* **AVAILABLE DATA**
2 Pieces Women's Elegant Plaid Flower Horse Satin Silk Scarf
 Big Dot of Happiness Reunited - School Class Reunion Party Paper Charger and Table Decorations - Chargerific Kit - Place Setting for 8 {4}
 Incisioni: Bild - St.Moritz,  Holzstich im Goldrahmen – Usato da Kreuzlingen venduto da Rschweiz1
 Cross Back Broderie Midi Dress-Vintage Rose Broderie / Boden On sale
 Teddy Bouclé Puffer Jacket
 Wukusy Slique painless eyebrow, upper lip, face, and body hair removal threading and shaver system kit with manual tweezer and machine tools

* **REQUIRED WORK**
Please give back exactly the lines of the listing above that run from the one containing "Big Dot of Happiness" through the one containing "venduto da Rschweiz1", and only those.

* **RESPONSE TO THE TASK**
 Big Dot of Happiness Reunited - School Class Reunion Party Paper Charger and Table Decorations - Chargerific Kit - Place Setting for 8 {4}
 Incisioni: Bild - St.Moritz,  Holzstich im Goldrahmen – Usato da Kreuzlingen venduto da Rschweiz1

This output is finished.